Technological problems are manifold, especially with tools as complex and expensive as computers. Not all students will readily have access, and visiting a campus computer lab every time an assignment is due can grow both tedious and logistically problematic. Therefore, many online assignments and activities should be collected and reviewed on a weekly to tri-monthly basis, giving students who don’t own computers more time to get their affairs in order. Also, an optional paper component should be arranged in special cases. Otherwise, practice makes better: students should be educated on how to access campus resources along with materials on blog/wiki use. Time should be spent in class on navigating blogs and wikis, discussing the format and its strengths—students should understand *why* these particular tools are useful.
How would *I* go about using public writing in the classroom?

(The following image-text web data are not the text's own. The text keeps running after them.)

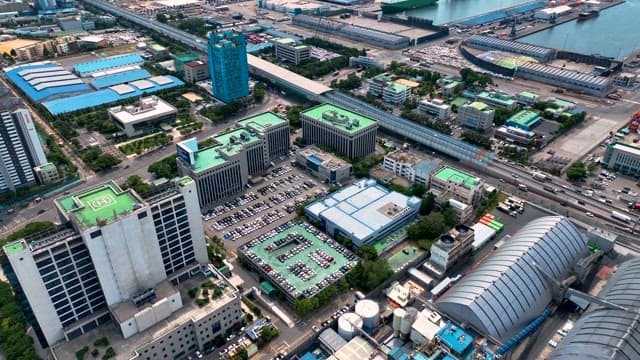 건물이 밀집된 도시의 분주한 교통 상황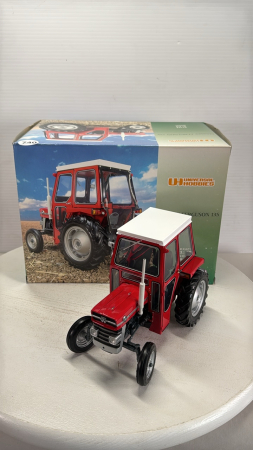 Massey Ferguson 135 Tractor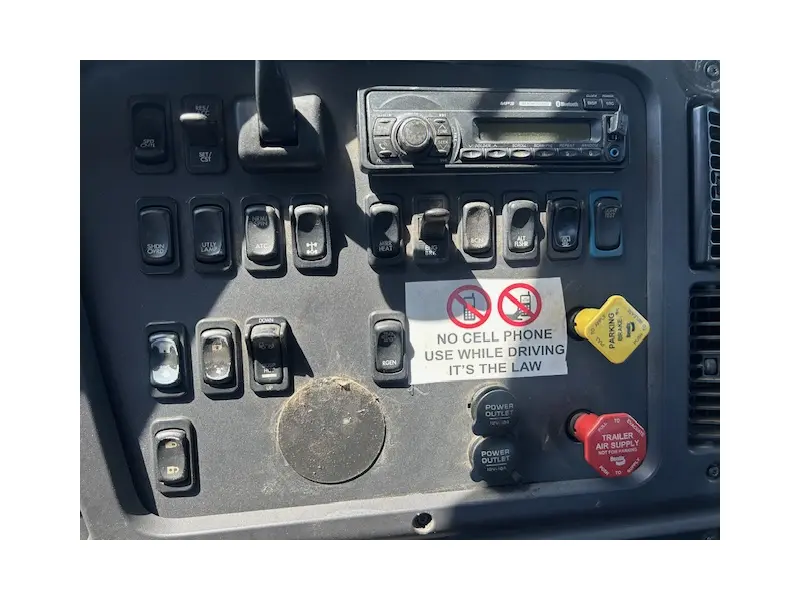 2016 FREIGHTLINER BUSINESS CLASS M2 112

Rebecca Wilson Ludin poses that wiki-use in the classroom can help to re-structure power relationships, to shift traditional models of teacher-students authority (443). This notion is of particular interest to me—transparency concerning the core classroom mechanics will hopefully help students to better understand the game. In the case of wikis, users can edit content at any point, destabilizing on one had the all-pervasiveness of the author while calling attention to the core issues of collaboration and accountability. Were I to use a wiki, we’d spend a significant amount of time discussing the implications of collaborative authorship, especially in cases where the authors didn’t necessarily agree with one another, much less having established an agreement to *work* with each other. Instructors could develop a game—compose an article for Wikipedia, simultaneously. Students must then reconcile all of their articles into the larger framework of a core article. Surely, this is a daunting and confusing task at first, and nobody has complete license over the truth, not even the instructor in this manner. Using Wikipedia’s discussion pages, students could engage with one another’s arguments: congruent and opposing viewpoints would clash publicly and critically. While the instructor would be outsourcing the classroom space as such, this broadened classroom context could destabilize (in a potentially good way) the authority of instructors over student work. To actually shift authority and power, the instructor *must* meaningfully relinquish some aspects of control. For blogs, as Charles Lowe and Terry Williams suggest, students can to tap into the “valuable public,” and not necessarily the classroom public. As I mentioned before, public ideas require at least some form of intellectual investment as to avoid, minimally, ridicule. There’s probably a good reason why some people are more afraid of public speaking than death. As grim as this sounds, I had far more stellar research projects the semester I required my 201 students to present at a research colloquium of our making. That, and the audience was required to respond with well-crafted, critical questions. How’s that for shifting authority?